Open, continuous, exclusive and notorious possession and occupation of the land in question on or before June 12, 1945 may be proved by testimonial and documentary evidence, such as tax declarations which are good indicia of possession in the concept of an owner, for no one in his right mind would be paying taxes for a property that is not in his actual or constructive possession (Llanes v. Republic,G.R. No. 177947, November 27, 2008, 572 SCRA 258).
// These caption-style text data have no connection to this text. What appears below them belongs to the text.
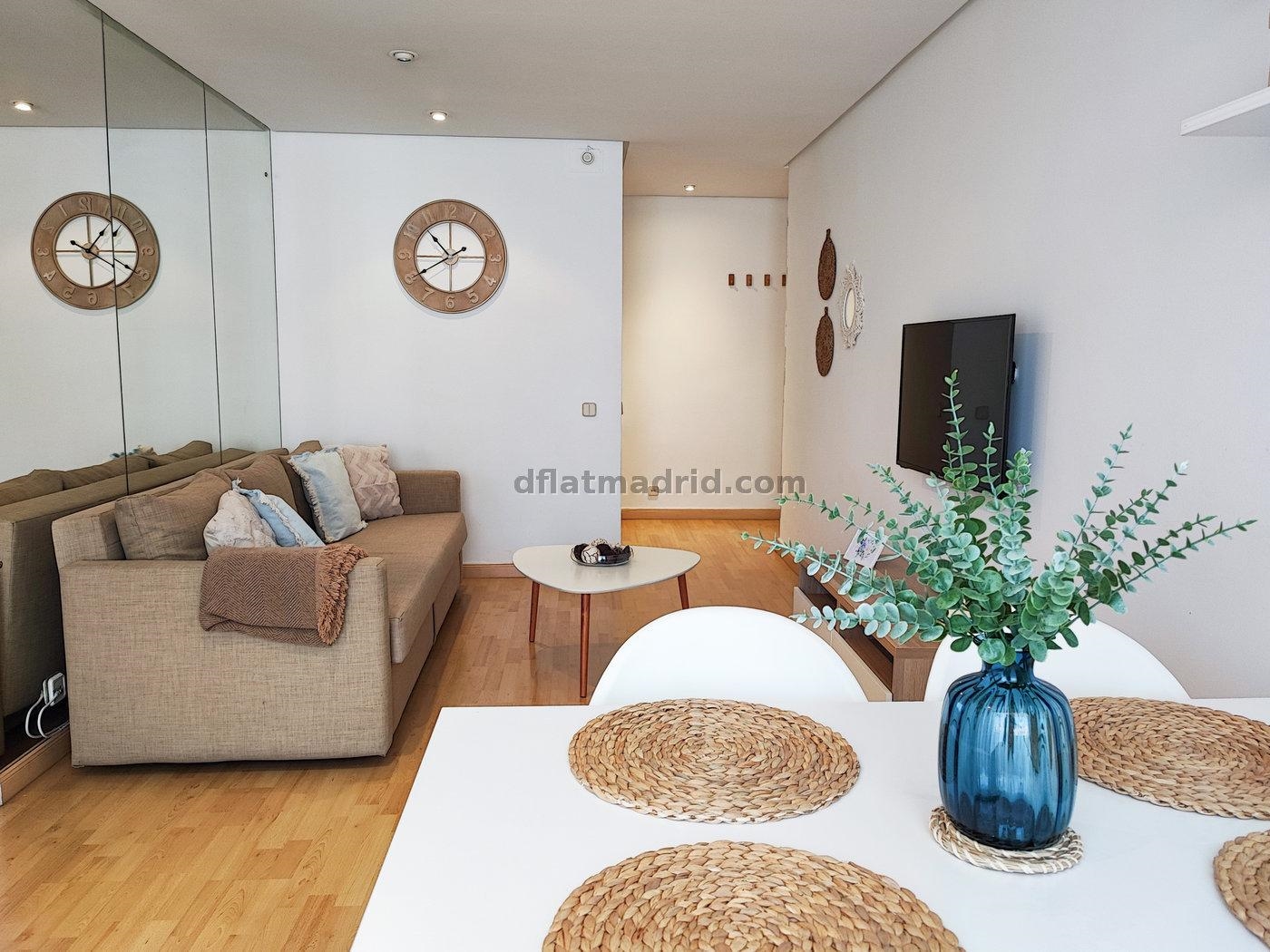 Apartamento exterior cerca de la Castellana con terraza #239 en Madrid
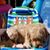 Shelly Christel Schmitt's profile image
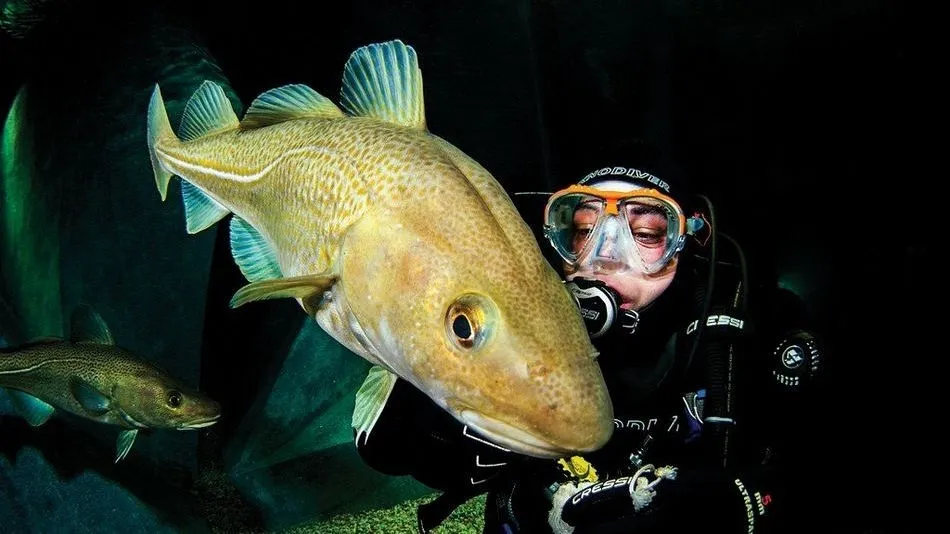 El Acuario de los Bacalaos es el espacio más llamativo del museo/ Foto: MMI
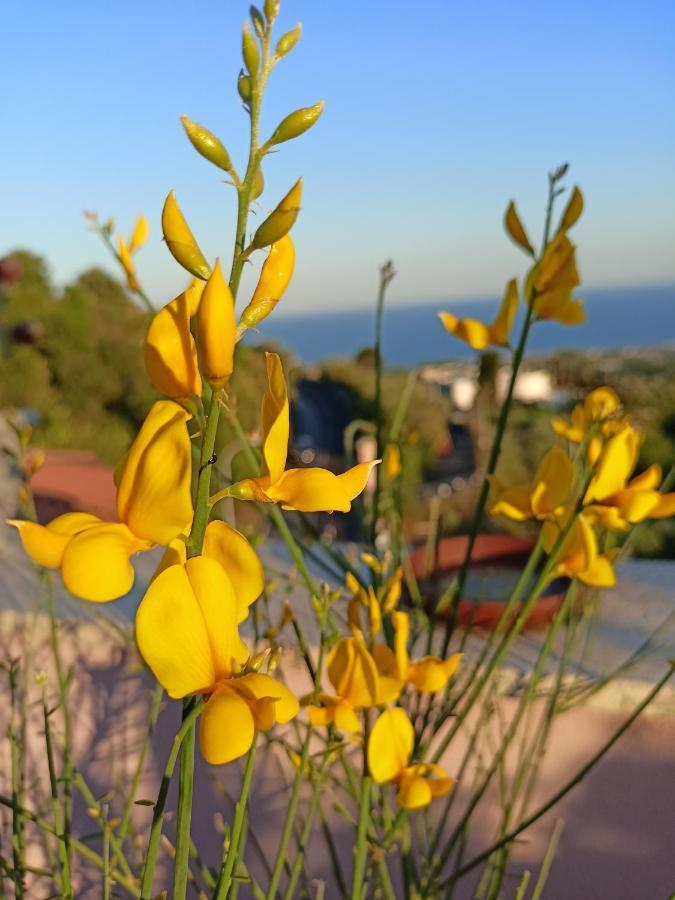 La Petite Maison Aci Castello Luaran gambar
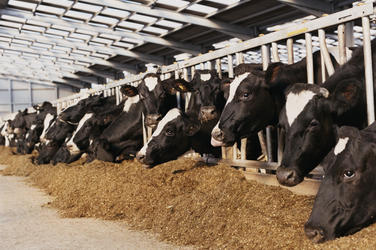 Cows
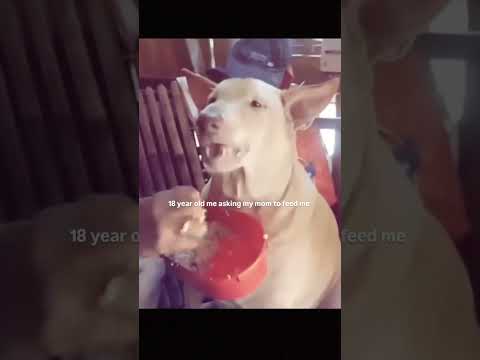 நீ சாப்பிடு தங்கம் ❤️❤️❤️ #hoomans #dogcomedyvideo #instatrending #creatoryash #bigbang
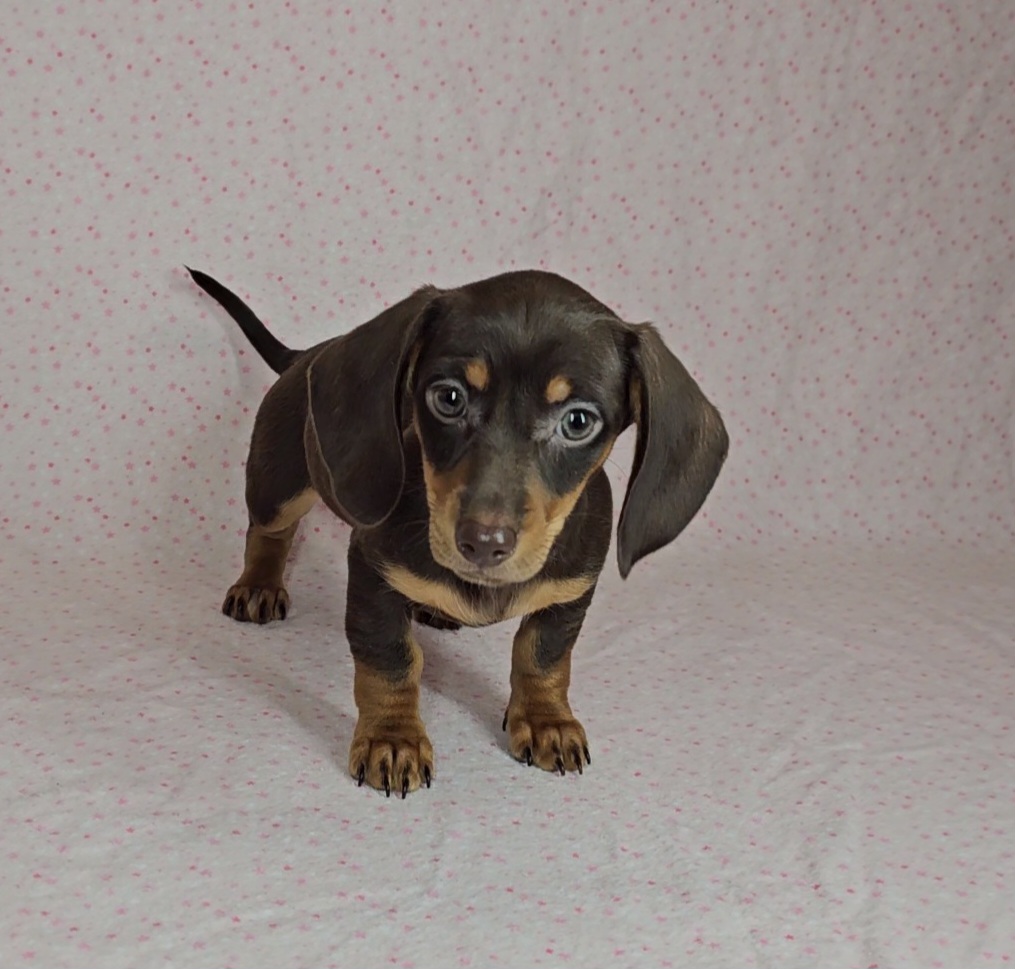 Dachshund Puppies from Newbern's Nuggets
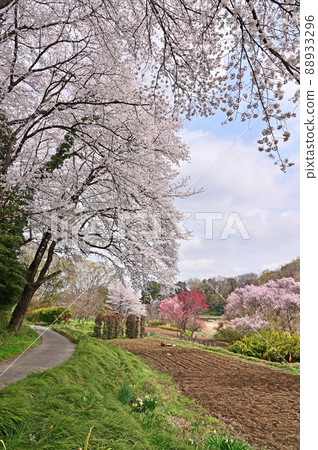 Minuma rice field: Spring colors 88933296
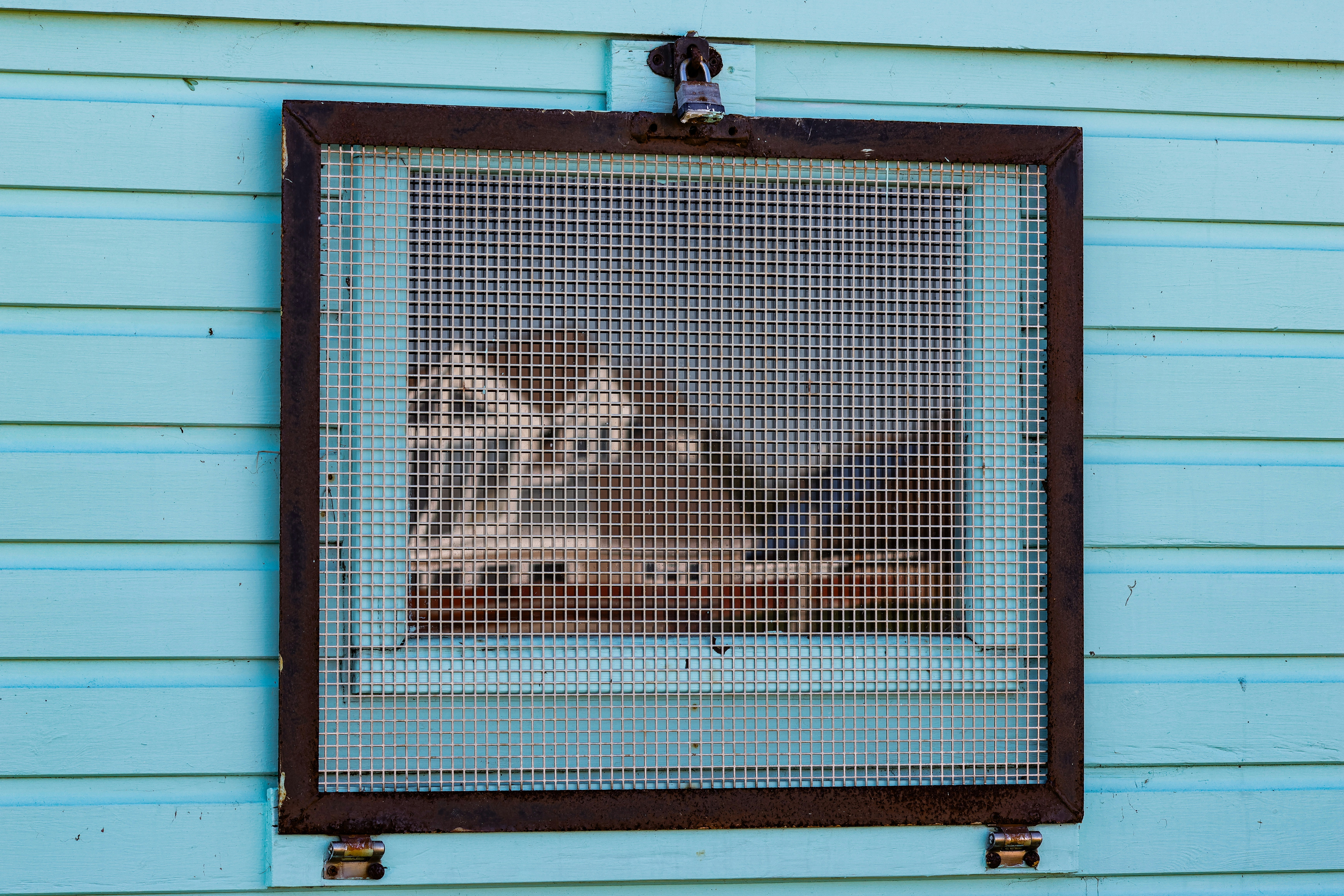 Cost-saving tips for window film installation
The thirty (30)-year period of prescription for purposes of acquiring ownership and registration of public land under Section 14 (2) of P.D. No. 1529 only begins from the moment the State expressly declares that the public dominion property is no longer intended for public service or the development of the national wealth or that the property has been converted into patrimonial, and there must be an express declaration by the State that the public dominion property is no longer intended for public service or the development of the national wealth or that the property has been converted into patrimonial. Without such express declaration, the property, even if classified as alienable or disposable, remains property of the public dominion, pursuant to Article 420(2), and thus incapable of acquisition by prescription. It is only when such alienable and disposable lands are expressly declared by the State to be no longer intended for public service or for the development of the national wealth that the period of acquisitive prescription can begin to run. Such declaration shall be in the form of a law duly enacted by Congress or a Presidential Proclamation in cases where the President is duly authorized by law.
In this case, the application was denied because the applicant failed to show proof of possession prior to 1945, or a congressional or presidential proclamation that the land is no longer intended for public service or for the development of the national wealth tolling the period of acquisitive prescription.